Friday, November 11, 2016

When less is more

Word count is vital whether you are writing an article, blog or a book. When I worked at Today’s Parent, we would often ditch the first paragraph of articles submitted.   Why?  Because we would have lost the reader if we’d run it as is.

Often the hook to keep the reader engaged is further down the page.  Partly it’s because the author wants to set the stage before leaping into the meat of the piece. 

But with low attention spans and a need for an instant take on articles, we lose the reader before we’ve even started.  And that’s who we want to entice to stay with us.

In working with authors on shaping their books, I often have to remind them about the reader.  What will they learn from reading your book?  Is this piece of information useful or more feeding your need to get it down on paper?

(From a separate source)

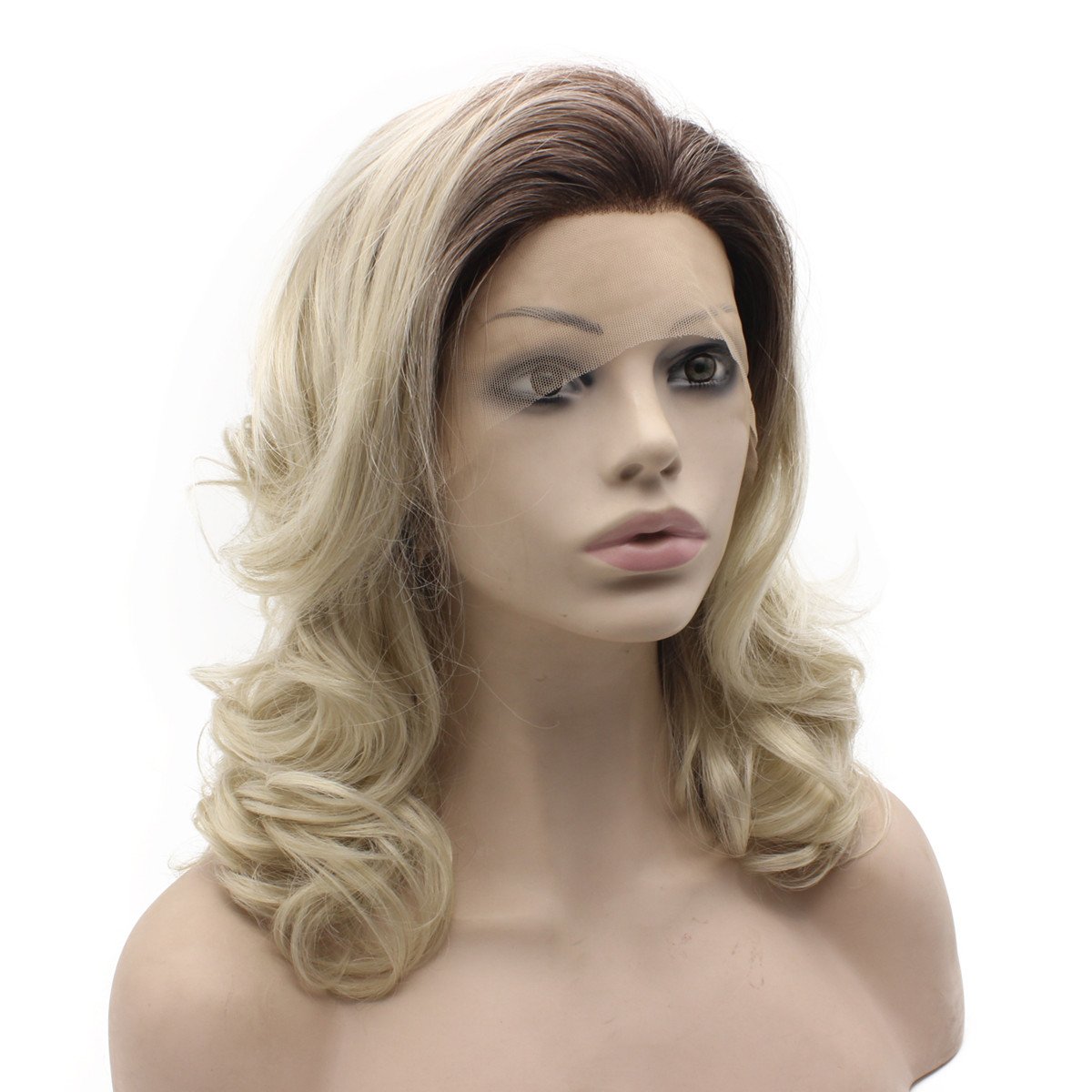 MX angel Shoulder Length Half Hand Tied Synthetic Hair Lace Front Natural Ombre Ash Blonde Wig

Get clear on your message, your audience and why you are writing in the first place. Clarify what you want to write about. As Michael Hyatt recommends,  first you do the writing and then the editing, and should not try to do both simultaneously.  In her book Bird by Bird, Anne Lamott talks about the “shitty” first drafts, because that’s what they are – first drafts.

But we also need to learn to write tighter, to use fewer words and to keep it simple, instead of using our writing as a way to show off our extensive vocabulary. Less is more.

There are ways to tighten up your writing and it takes practice.  Next piece you write, try cutting it down by 50 words.   You’ll be surprised how many superfluous words we use.   What to watch for? 

  • ·      Avoid empty filler words like it, here, there.
  • ·      Replace lightweight verbs with ones of action – instead of She is blogging. try She blogs.
  • ·      The words really and very add nothing to your writing
  • ·      Tell it straight.  You will then hold the reader’s attention.
  • ·      Avoid using words that spell out what’s obvious – such as free of charge – when saying free will do.
  • ·      Avoid using extra words that aren’t doing extra work – using the word Many for example, instead of A large number of … Or saying A complete stranger when A stranger will do.
  • ·      Use short paragraphs so the reader carries on.

This blog was much longer, but I took my own advice and cut it down.